A forma com que usamos a água potável do planeta, a atenção ou não que damos aos miseráveis ao nosso redor, a ética que desenvolvemos e a seriedade ou não com que buscamos a paz no mundo, nada mais são do que evidências do quanto estamos ou não envolvidos com o que realmente importa para Deus: a eternidade que nos habita. E, antes que você comece a perguntar: “e eu com isso?”, deixe-me esclarecer.
Um bom exercício para a vida seria perguntarmos ao nosso coração, antes de qualquer atitude, sobre qual é a dimensão que estamos valorizando, se a temporal ou a eterna. Ex.:
Amor é temporal ou eterno?
Trabalho é temporal ou eterno?
Saúde é temporal ou eterna?
Beleza física é temporal ou eterna?
Arnaldo Jabor escreveu um livro intitulado “Amor é prosa, sexo é poesia”. No crivo do que é temporal ou eterno eu diria que amor eterno, enquanto sexo é temporal.
Então, sobre o que eu quero alertar? Que temos dirigido nossas vidas a valorizar muito mais o que é temporal do que o que é eterno. Mas o que não percebemos é que iremos ser avaliados diante de Deus pelo que é eterno e não pelo que é temporal, visto que o que é temporal é apenas conseqüência daquilo que é eterno.
Se a sua carreira é mais importante para você do que a forma com que você pode usá-la para glorificar ao Senhor, então você tem se deixado envolver mais pelo que é temporal do que o eterno.
O desafio é perceber que as coisas temporais que fazemos ou experimentamos devem ser apenas reflexos, ou conseqüências do tipo de relacionamento com Deus que estamos desenvolvendo. Mesmo porque, entre outras coisas, vamos valorizar menos a imagem que passamos para as pessoas ao nosso redor e mais a percepção de quem realmente somos.

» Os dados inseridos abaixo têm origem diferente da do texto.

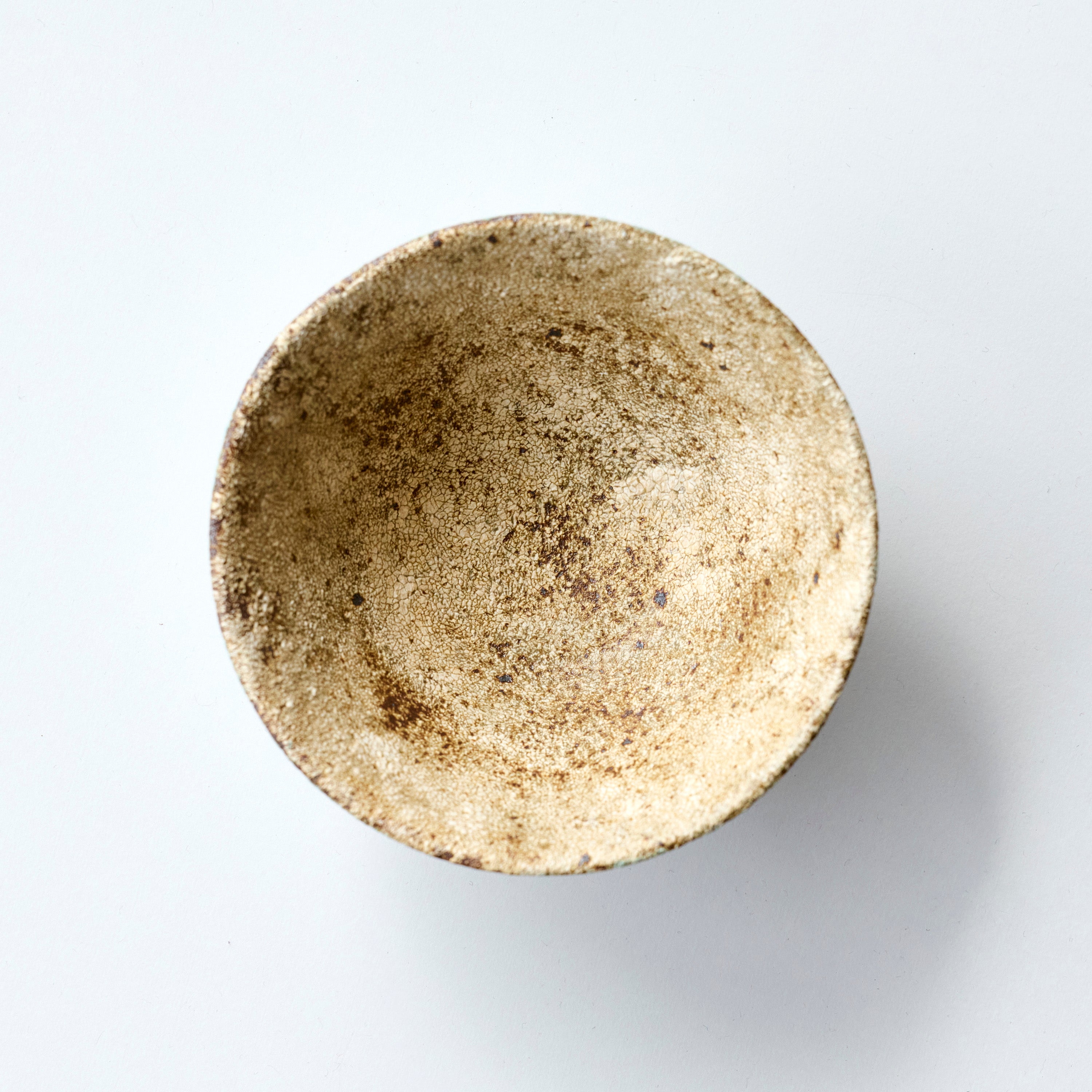 105 刷毛目碗(ブルー)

É o que faz o apóstolo Paulo ser aparentemente controverso, quando afirma que “a nossa leve e momentânea tribulação”, quando nós conhecemos um pouco de todo o sofrimento por ele experimentado para servir a Jesus com fidelidade. É que, aos olhos de quem discerne o eterno, não há tribulação, enfermidade, traição, dificuldade, ameaça, covardia ou medo que lhe roube a convicção de que está protegido nos braços do Senhor. “Quem nos separará do amor de Cristo?” (Rm 8:31), ele pergunta, com os olhos voltados para o que é eterno e não temporal!